### Your objective
Look through the entries below and copy exactly the part that begins with the line containing "UNITE LAZER Straight" and ends with the line containing "Groom in a blue". Do not copy the pictures.

### Given records
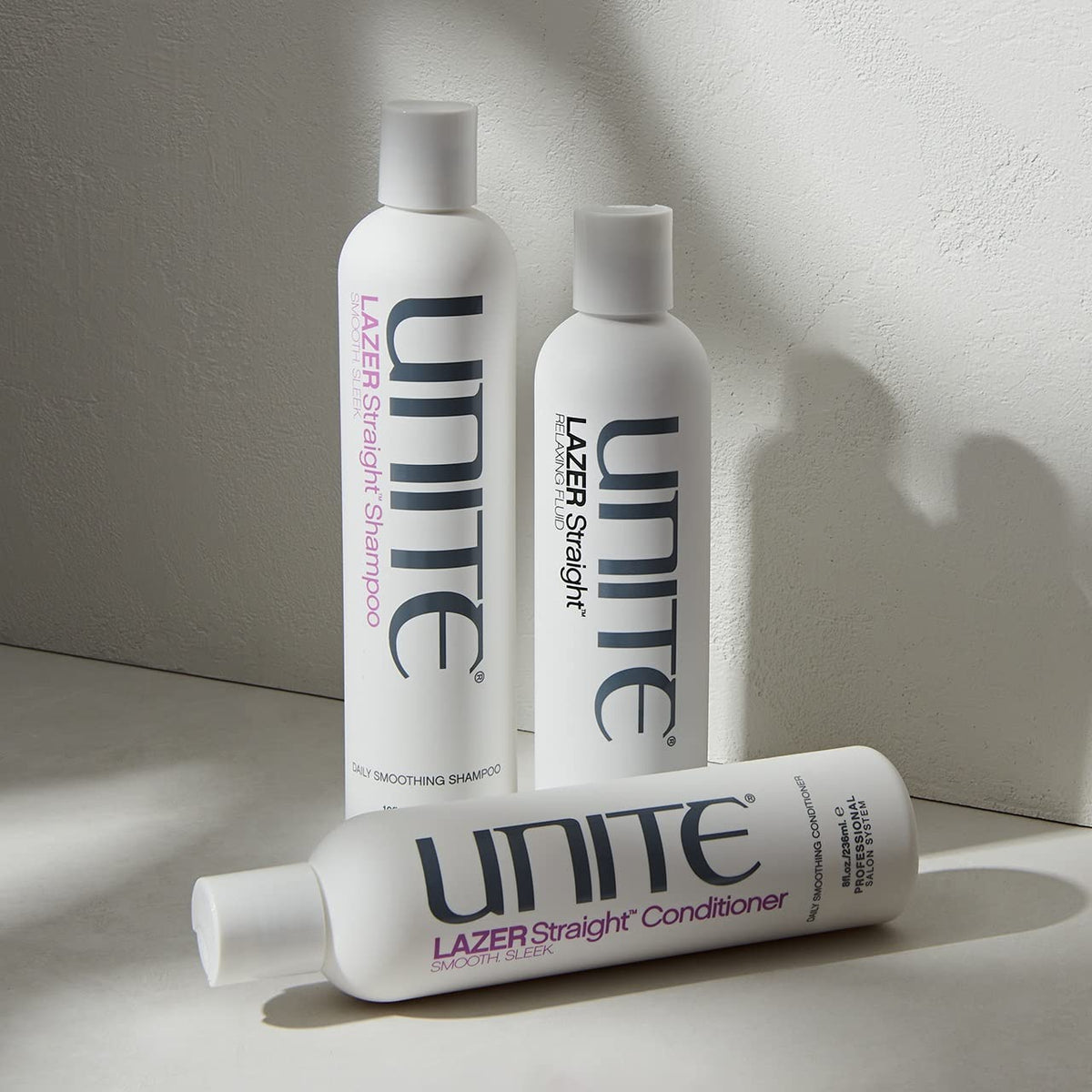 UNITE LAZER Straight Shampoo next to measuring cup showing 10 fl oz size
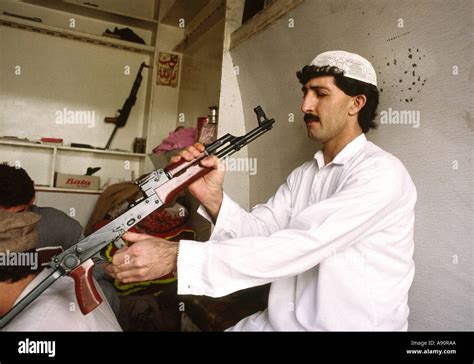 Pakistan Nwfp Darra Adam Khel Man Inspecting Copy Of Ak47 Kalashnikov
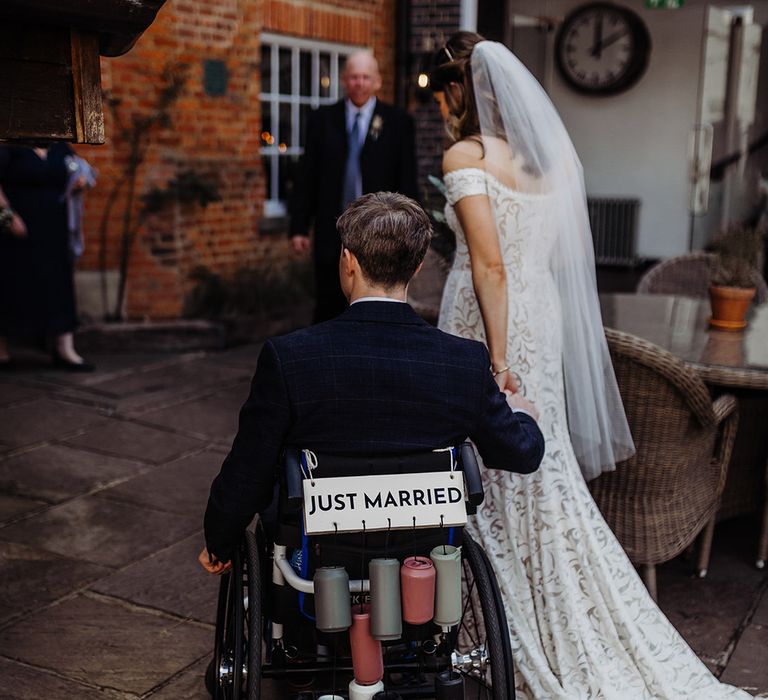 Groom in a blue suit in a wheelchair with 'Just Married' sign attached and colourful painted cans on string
--
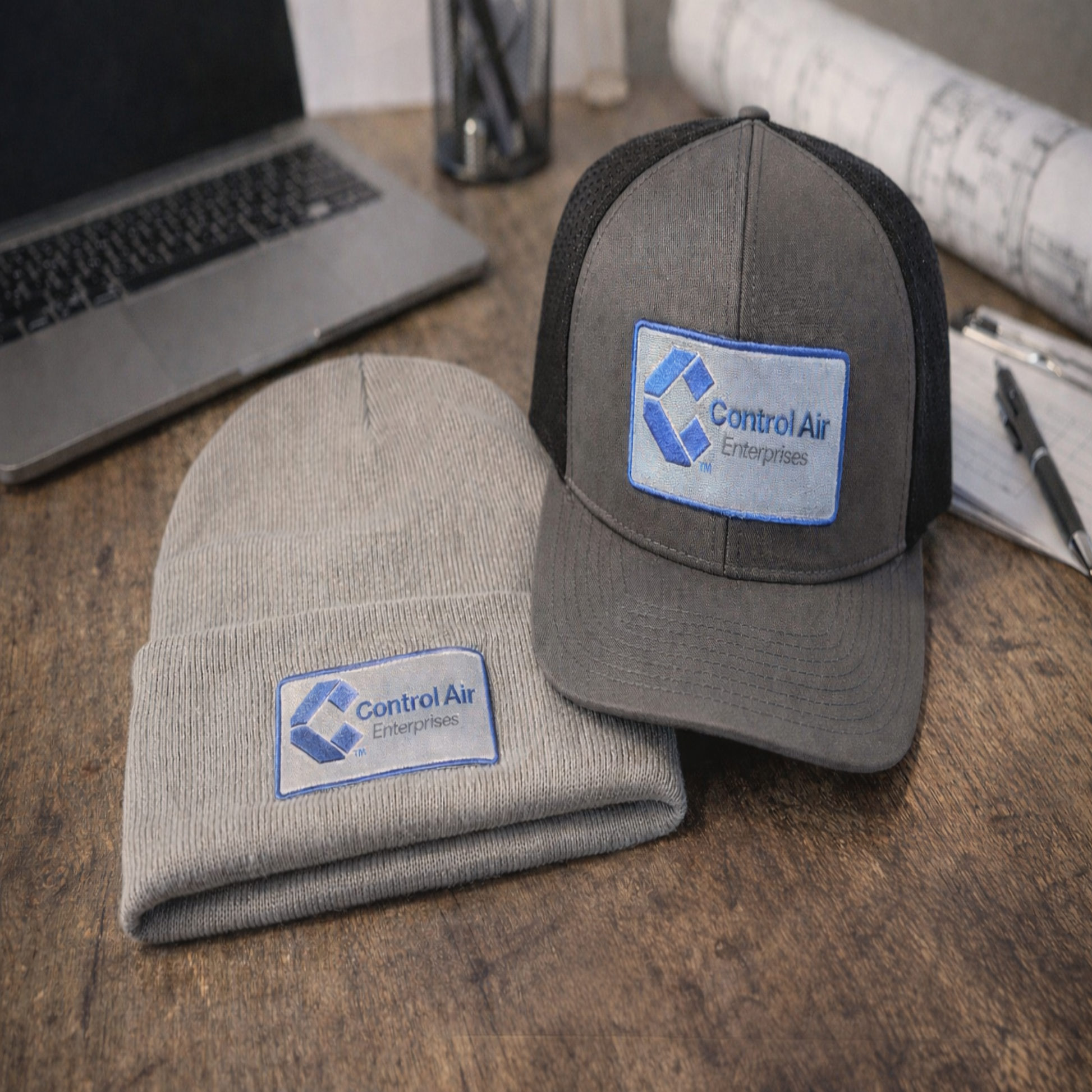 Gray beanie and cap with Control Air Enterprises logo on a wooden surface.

### Exercise result
 UNITE LAZER Straight Shampoo next to measuring cup showing 10 fl oz size
 Pakistan Nwfp Darra Adam Khel Man Inspecting Copy Of Ak47 Kalashnikov
 Groom in a blue suit in a wheelchair with 'Just Married' sign attached and colourful painted cans on string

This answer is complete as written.